Despite this volatility, Land said the fundamental backdrop remains supportive.

“Supply remains constrained while demand continues to grow,” he said.

He pointed out that central banks have been net buyers of gold since 2008, yet still hold less than 20 per cent of total global supply, while about 45 per cent of gold exists in jewellery form.

Land said central bank purchases and inflows into bullion-backed exchange-traded funds have driven bullion prices higher at a much faster pace than mining equities, creating a notable valuation gap.

“Many miners are trading below historic multiples, with attractive free-cash-flow yields and enterprise value-to-cash-flow metrics,” he said.

“We estimate valuations have lagged gold spot prices by about 20 per cent over the past couple of years.”

In his view, this disconnect is not justified.

“It reflects investor perception rather than fundamentals,” he said, noting that while investors remain wary due to past cycles of cost inflation and capital misallocation, the industry has evolved.

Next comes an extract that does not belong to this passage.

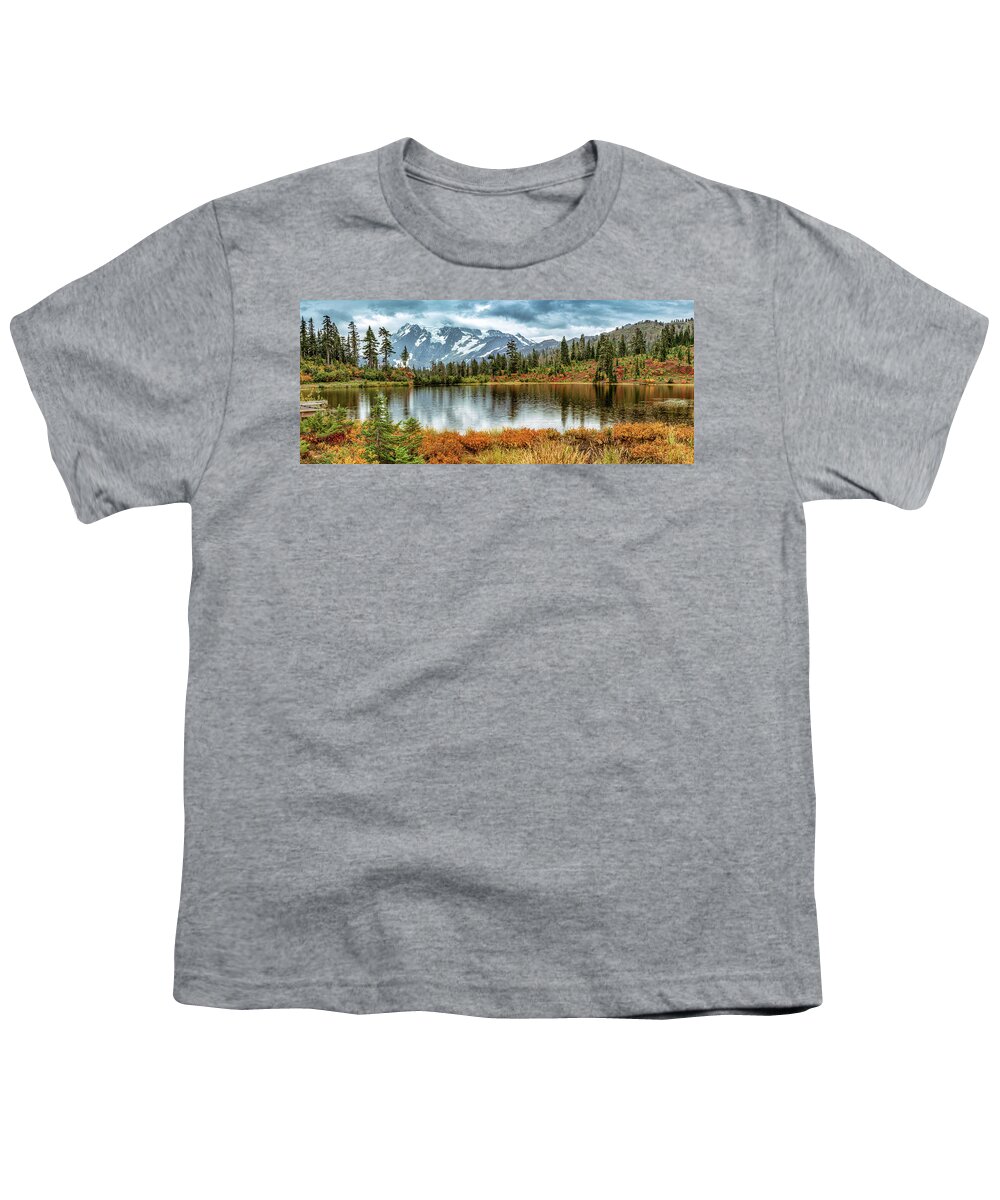 Fall Youth T-Shirt featuring the photograph Mt. Shuksan Fall by Tony Locke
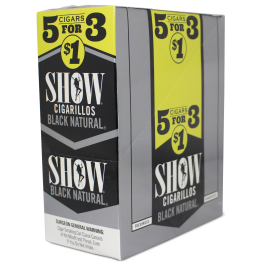 SHOW CIG 5/1.00 BLACK NATURAL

“Miners today have stronger balance sheets, better capital discipline and higher shareholder returns.”

He added that at elevated gold prices, miners offer significant operational leverage, with earnings and cash flow rising faster than bullion prices.

Fundamentals also support higher equity valuations, Land said, citing record profits for many producers in the third quarter of 2025, with fourth-quarter earnings expected to be even stronger as gold averaged about US$4,150 an ounce.

While caution is warranted if prices retreat, Mr Land said miners have a substantial buffer.

“Gold would need to fall below roughly US$3,500 an ounce before sector economics start to resemble prior down cycles,” he said.

Overall, he said strong balance sheets, attractive valuations and continued merger and acquisition activity leave him constructive on gold and gold equities in 2026.